Notice in the plot that the data and the model do not line up exactly. This is to be expected because the sample is just a subset of the population, and any model built from it cannot be a prefect representation of the population. Also notice the vertical axis: it shows the normalize data bin counts, and the probability density of the model. Think of that as probability-per-bin, so that if summed all the bins, the total would be 1.0.

Maximizing Likelihood, Part 1

Previously, we chose the sample mean as an estimate of the population model paramter mu. But how do we know that the sample mean is the best estimator? This is tricky, so let's do it in two parts.

In Part 1, you will use a computational approach to compute the log-likelihood of a given estimate. Then, in Part 2, we will see that when you compute the log-likelihood for many possible guess values of the estimate, one guess will result in the maximum likelihood.

mu_guess = np.mean(sample_distances)
sigma_guess = np.std(sample_distances)

# For each sample distance, compute the probability modeled by the parameter guesses
probs = np.zeros(len(sample_distances))
for n, distance in enumerate(sample_distances):
    probs[n] = gaussian_model(distance, mu=mu_guess, sigma=sigma_guess)

# Compute and print the log-likelihood as the sum() of the log() of the probabilities
loglikelihood = np.sum(np.log(probs))
print('For guesses mu={:0.2f} and sigma={:0.2f}, the loglikelihood={:0.2f}'.format(mu_guess, 
                                                                                   sigma_guess, 
                                                                                   loglikelihood))
For guesses mu=26918.39 and sigma=224.99, the loglikelihood=-6834.98

Although the likelihood (the product of the probabilities) is easier to interpret, the loglikelihood has better numerical properties. Products of small and large numbers can cause numerical artifacts, but sum of the logs usually doesnt suffer those same artifacts, and the "sum(log(things))" is closely related to the "product(things)"

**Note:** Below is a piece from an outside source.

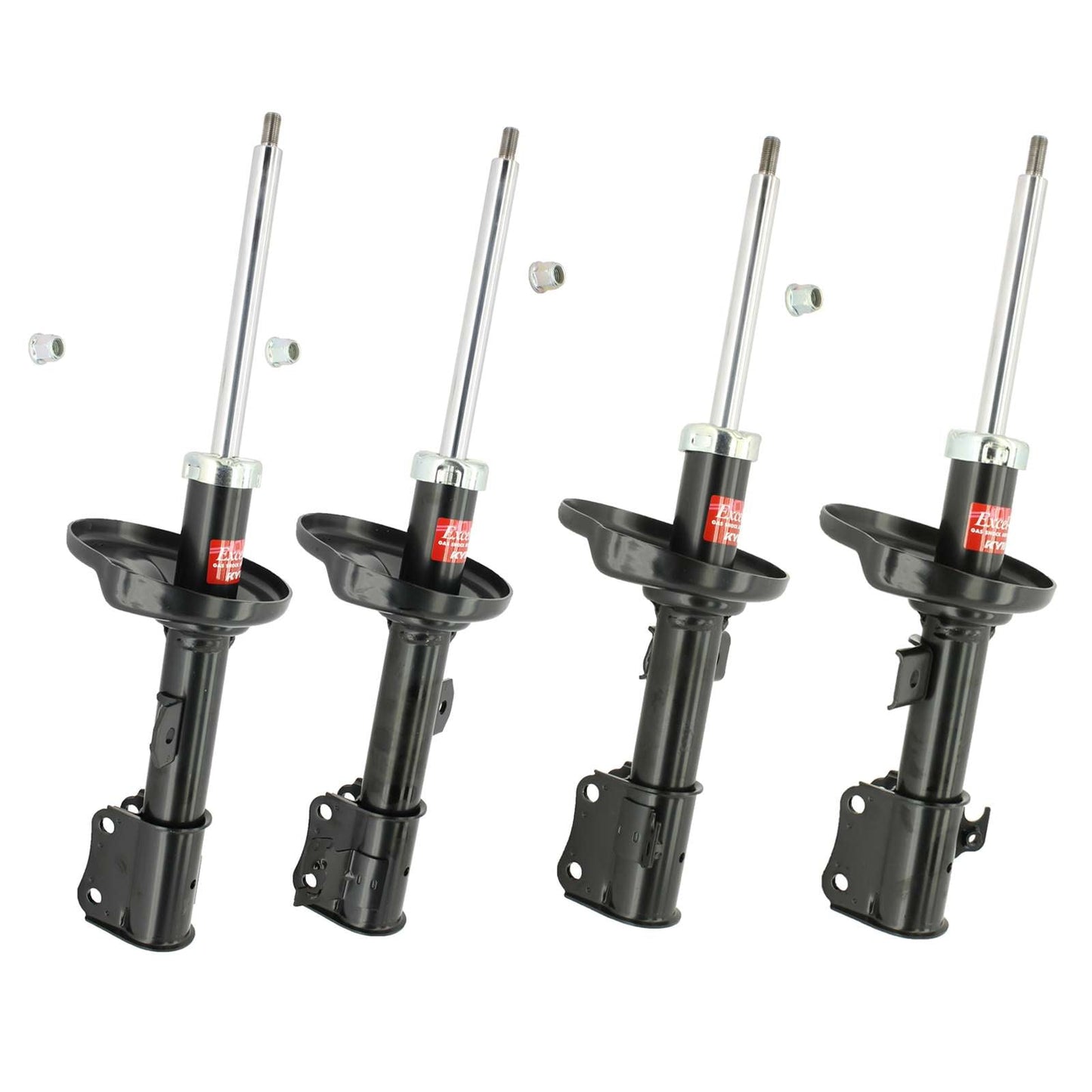 KYB Excel-G OEM Strut Set - 2004-2007 Suzuki Aerio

Maximizing Likelihood, Part 2

In Part 1, you computed a single log-likelihood for a single mu. In this Part 2, you will apply the predefined function compute_loglikelihood() to compute an array of log-likelihood values, one for each element in an array of possible mu values.

The goal then is to determine which single mu guess leads to the single maximum value of the loglikelihood array.

def compute_loglikelihood(samples, mu, sigma=250):
    probs = np.zeros(len(samples))
    for n, sample in enumerate(samples):
        probs[n] = gaussian_model(sample, mu, sigma)
    loglikelihood = np.sum(np.log(probs))
    return loglikelihood

def plot_loglikelihoods(mu_guesses, loglikelihoods):
    max_loglikelihood = np.max(loglikelihoods)
    max_index = np.where(loglikelihoods==max_loglikelihood)
    max_guess = mu_guesses[max_index][0]
    font_options = {'family' : 'Arial', 'size'   : 16}
    plt.rc('font', **font_options)
    fig, axis = plt.subplots(figsize=(10,6))
    axis.plot(mu_guesses, loglikelihoods)
    axis.plot(max_guess, max_loglikelihood, marker="o", color="red")
    axis.grid()
    axis.set_ylabel('Log Likelihoods')
    axis.set_xlabel('Guesses for Mu')
    axis.set_title('Max Log Likelihood = {:0.1f} \n was found at Mu = {:0.1f}'.format(max_loglikelihood, 
                                                                                      max_guess))
    fig.tight_layout()
    plt.show()
    return fig
sample_mean = 26918.392414058031
sample_stdev = 224.9870886426813
low_guess = sample_mean - 2*sample_stdev
high_guess = sample_mean + 2*sample_stdev
mu_guesses = np.linspace(low_guess, high_guess, 101)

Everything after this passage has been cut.